I have to conclude that many of these hardware features don't matter when it comes to actual sales. What I have to conclude is that people want mobile computing, and they want it in form factors that feel right, run well and reliably. Ports and processors don't matter, as long as the perception is that it does what you want and it's fast. Even the OS doesn't really matter, as long as it works, is trusted and understood. Most people probably make these determinations when they're standing around using one for the first time in an Apple store or Best Buy.
Nope I think you are just confusing yourself. For example using your reasoning I could say iPad is a failure because it doesn't sell as many units as the iPhone. Of course a reasonable person would say: well yeah the devices serve two entirely different markets. Likewise iPad is defining a new market one that isn't directly related to desktop PC users. On top of all of this Apples Mac sales have significantly outstripped the marjet in general. So really you have no point here.
Maybe the iPod touch got them there better than any Mac ever made. Apple has sold alot of iPod touches lately and the iPad is basically a bigger one of those. iPod touches sell really well and are basically very small mobile computers. Average consumers, who aren't into computers but need to do basic things like email and web probably view the iPod touch as a viable PC alternative. I know I have some nominally computer literate relatives who look at it this way.

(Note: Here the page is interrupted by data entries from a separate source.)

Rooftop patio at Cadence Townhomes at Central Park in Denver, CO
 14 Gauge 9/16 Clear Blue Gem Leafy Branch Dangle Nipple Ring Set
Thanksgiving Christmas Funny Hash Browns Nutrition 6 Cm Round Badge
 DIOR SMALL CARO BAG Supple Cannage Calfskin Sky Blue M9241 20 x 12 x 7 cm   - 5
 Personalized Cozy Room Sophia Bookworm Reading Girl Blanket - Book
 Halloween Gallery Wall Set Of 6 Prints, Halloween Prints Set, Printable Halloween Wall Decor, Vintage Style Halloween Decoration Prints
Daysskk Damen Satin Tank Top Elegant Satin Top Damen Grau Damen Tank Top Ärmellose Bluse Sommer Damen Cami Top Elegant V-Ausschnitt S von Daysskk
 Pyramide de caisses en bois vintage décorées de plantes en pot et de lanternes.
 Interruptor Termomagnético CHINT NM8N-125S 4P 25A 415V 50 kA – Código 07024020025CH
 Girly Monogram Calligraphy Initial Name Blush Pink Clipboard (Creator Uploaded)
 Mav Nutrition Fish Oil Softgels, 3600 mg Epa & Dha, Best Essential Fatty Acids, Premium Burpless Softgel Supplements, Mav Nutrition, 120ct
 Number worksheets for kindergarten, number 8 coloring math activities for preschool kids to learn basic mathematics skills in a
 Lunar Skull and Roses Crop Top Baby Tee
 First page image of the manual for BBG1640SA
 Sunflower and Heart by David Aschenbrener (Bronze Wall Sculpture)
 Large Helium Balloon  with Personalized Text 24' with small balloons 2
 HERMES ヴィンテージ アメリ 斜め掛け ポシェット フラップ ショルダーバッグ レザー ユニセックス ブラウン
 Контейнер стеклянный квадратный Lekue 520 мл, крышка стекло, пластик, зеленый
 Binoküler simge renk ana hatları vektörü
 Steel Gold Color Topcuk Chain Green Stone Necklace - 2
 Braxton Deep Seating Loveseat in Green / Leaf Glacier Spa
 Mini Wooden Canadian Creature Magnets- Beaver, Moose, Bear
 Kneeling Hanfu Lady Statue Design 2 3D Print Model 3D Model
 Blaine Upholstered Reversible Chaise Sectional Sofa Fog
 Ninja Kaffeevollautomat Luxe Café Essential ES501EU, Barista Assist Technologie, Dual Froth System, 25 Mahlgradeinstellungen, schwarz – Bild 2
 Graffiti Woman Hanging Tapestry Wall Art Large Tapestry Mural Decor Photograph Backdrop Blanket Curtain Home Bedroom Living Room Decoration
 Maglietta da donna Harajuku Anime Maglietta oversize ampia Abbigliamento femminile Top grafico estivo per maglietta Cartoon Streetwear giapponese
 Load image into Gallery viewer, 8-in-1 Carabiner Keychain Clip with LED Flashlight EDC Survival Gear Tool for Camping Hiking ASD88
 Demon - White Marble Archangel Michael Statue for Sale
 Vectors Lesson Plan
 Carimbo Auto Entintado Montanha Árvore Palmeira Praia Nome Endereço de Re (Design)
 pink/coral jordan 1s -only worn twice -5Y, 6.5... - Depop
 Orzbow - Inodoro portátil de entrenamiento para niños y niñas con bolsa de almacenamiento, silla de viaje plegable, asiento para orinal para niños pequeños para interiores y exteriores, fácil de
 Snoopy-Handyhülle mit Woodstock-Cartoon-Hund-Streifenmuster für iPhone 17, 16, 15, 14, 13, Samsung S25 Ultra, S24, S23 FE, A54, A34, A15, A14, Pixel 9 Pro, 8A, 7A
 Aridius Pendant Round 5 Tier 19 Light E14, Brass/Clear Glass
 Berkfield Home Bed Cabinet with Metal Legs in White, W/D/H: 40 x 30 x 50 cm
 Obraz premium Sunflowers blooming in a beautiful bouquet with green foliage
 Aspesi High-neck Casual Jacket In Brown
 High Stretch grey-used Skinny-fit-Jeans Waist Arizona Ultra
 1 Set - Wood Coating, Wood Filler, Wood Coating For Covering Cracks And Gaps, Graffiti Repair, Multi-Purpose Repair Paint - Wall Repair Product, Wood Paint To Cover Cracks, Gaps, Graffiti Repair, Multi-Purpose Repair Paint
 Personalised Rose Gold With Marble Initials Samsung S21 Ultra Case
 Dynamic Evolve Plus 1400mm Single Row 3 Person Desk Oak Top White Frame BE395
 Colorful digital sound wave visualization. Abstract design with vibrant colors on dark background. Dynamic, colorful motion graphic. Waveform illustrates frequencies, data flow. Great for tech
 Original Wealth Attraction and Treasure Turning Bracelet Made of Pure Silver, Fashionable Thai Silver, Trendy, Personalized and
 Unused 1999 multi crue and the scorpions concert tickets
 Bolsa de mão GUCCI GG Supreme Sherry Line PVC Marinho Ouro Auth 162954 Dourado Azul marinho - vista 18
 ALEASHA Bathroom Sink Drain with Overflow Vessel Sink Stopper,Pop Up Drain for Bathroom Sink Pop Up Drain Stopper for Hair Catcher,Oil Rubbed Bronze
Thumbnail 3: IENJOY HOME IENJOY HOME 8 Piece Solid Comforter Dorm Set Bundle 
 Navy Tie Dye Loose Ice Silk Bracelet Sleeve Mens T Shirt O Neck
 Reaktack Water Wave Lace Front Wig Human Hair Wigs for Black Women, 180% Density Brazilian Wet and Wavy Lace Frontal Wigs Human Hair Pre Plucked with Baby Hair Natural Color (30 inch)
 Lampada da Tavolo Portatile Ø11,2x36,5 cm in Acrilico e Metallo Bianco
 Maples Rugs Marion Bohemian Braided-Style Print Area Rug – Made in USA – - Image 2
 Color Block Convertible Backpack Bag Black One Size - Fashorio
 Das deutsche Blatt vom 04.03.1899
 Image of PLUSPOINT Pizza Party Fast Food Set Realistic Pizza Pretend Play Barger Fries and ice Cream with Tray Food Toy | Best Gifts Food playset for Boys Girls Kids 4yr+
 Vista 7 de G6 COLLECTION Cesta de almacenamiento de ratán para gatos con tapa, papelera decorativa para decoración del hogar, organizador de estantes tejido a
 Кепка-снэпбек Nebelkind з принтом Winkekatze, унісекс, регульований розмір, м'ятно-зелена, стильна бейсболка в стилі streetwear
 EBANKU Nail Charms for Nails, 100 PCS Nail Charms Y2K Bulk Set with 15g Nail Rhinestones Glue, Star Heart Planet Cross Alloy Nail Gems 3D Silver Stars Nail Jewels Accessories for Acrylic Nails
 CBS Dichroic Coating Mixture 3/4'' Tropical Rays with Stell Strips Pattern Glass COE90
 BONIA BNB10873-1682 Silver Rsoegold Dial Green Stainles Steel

Touch, iPhone and the iPad are all computers. Yes very tiny but none the less computers. I don't take this for granted though as even my 3G vastly out strips that old Mac Plus in capability.
So in this regard I don't disagree for many these devices do all that is required. I expect iPad to significantly improve upon that ability.
So maybe you're right, maybe people view Apple as a viable PC platform because of the iPod. If that were true it would make sense for Apple to create a more serious computing platform, the iPad tablet PC, based off the iPod/iPhone rather than the Mac. Which is what they've done, so good for them. =)
Im not sure you are interpeting the statements right. iPod certainly gave Apple the ability to make the Mac right. In effect it got them through the tough time where OS/X was coming online. I do question if Apple would have been around with out iPods.
Interesting your calling the iPad a more serious computing platform as I look at it as the ultimate casual platform. Even if used professionally I dint see it as a replacement for traditional computers. Rather it is an alternative approach. I see little benefit to absolute statements here as being a computer it can serve the needs of any user that cares to use the platform.